In this section, we will delve into the concept of probability distributions, which are fundamental in understanding how probabilities are assigned to different outcomes in a random experiment. This topic is crucial for anyone looking to analyze data and make informed decisions based on statistical methods.

1. Random Variable: A variable that takes on different values based on the outcome of a random event.
2. Probability Distribution: A function that describes the likelihood of different outcomes for a random variable.
3. Discrete vs. Continuous Distributions: Discrete distributions deal with countable outcomes, while continuous distributions deal with outcomes that can take any value within a range.

1. Binomial Distribution: Describes the number of successes in a fixed number of independent Bernoulli trials (e.g., flipping a coin).
2. Poisson Distribution: Describes the number of events occurring within a fixed interval of time or space.

1. Normal Distribution: Describes data that clusters around a mean. It's symmetric and bell-shaped.
2. Exponential Distribution: Describes the time between events in a Poisson process.

Definition: The binomial distribution models the number of successes in a fixed number of independent trials, each with the same probability of success.

Formula: \[ P(X = k) = \binom{n}{k} p^k (1-p)^{n-k} \] Where:

• \( n \) = number of trials
• \( k \) = number of successes
• \( p \) = probability of success in a single trial
• \( \binom{n}{k} \) = binomial coefficient

Example: Suppose you flip a fair coin 10 times. What is the probability of getting exactly 6 heads?

Solution: \[ P(X = 6) = \binom{10}{6} (0.5)^6 (0.5)^4 \] \[ P(X = 6) = \frac{10!}{6!(10-6)!} (0.5)^{10} \] \[ P(X = 6) = 210 \times (0.5)^{10} \] \[ P(X = 6) = 210 \times 0.0009765625 \] \[ P(X = 6) \approx 0.205 \]

Definition: The normal distribution is a continuous probability distribution characterized by a symmetric, bell-shaped curve.

Formula: \[ f(x) = \frac{1}{\sqrt{2\pi\sigma^2}} e^{-\frac{(x-\mu)^2}{2\sigma^2}} \] Where:

• \( \mu \) = mean
• \( \sigma \) = standard deviation

Example: Suppose the heights of adult men are normally distributed with a mean of 70 inches and a standard deviation of 3 inches. What is the probability that a randomly selected man is taller than 73 inches?

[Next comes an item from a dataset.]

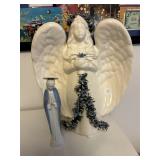 Pair of Angel figurines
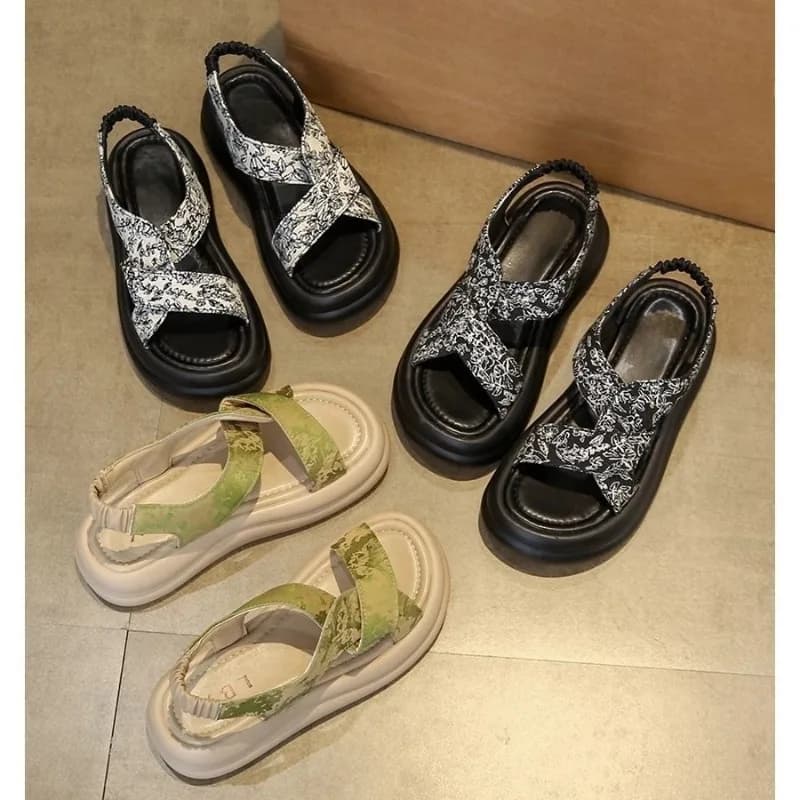 2026 New Summer Outdoor Fashion Casual Versatile Platform Sports Beach Sandals Round Toe Velcro Strap Single Strap Sandals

Solution: First, convert the height to a z-score: \[ z = \frac{X - \mu}{\sigma} \] \[ z = \frac{73 - 70}{3} \] \[ z = 1 \]

Using standard normal distribution tables or a calculator, find the probability corresponding to \( z = 1 \): \[ P(Z > 1) = 1 - P(Z \leq 1) \] \[ P(Z > 1) = 1 - 0.8413 \] \[ P(Z > 1) = 0.1587 \]

So, the probability that a randomly selected man is taller than 73 inches is approximately 0.1587.

Problem: A factory produces light bulbs, and the probability that a bulb is defective is 0.02. If a sample of 100 bulbs is taken, what is the probability that exactly 3 bulbs are defective?

Solution: \[ P(X = 3) = \binom{100}{3} (0.02)^3 (0.98)^{97} \] \[ P(X = 3) = \frac{100!}{3!(100-3)!} (0.02)^3 (0.98)^{97} \] \[ P(X = 3) \approx 0.180 \]

Problem: The weights of apples in a farm are normally distributed with a mean of 150 grams and a standard deviation of 20 grams. What is the probability that a randomly selected apple weighs less than 130 grams?

Solution: First, convert the weight to a z-score: \[ z = \frac{130 - 150}{20} \] \[ z = -1 \]

Using standard normal distribution tables or a calculator, find the probability corresponding to \( z = -1 \): \[ P(Z < -1) = 0.1587 \]

So, the probability that a randomly selected apple weighs less than 130 grams is approximately 0.1587.

In this section, we covered the basics of probability distributions, including both discrete and continuous types. We explored the binomial and normal distributions in detail, providing formulas, examples, and practical exercises to reinforce the concepts. Understanding these distributions is crucial for analyzing data and making informed decisions based on statistical methods.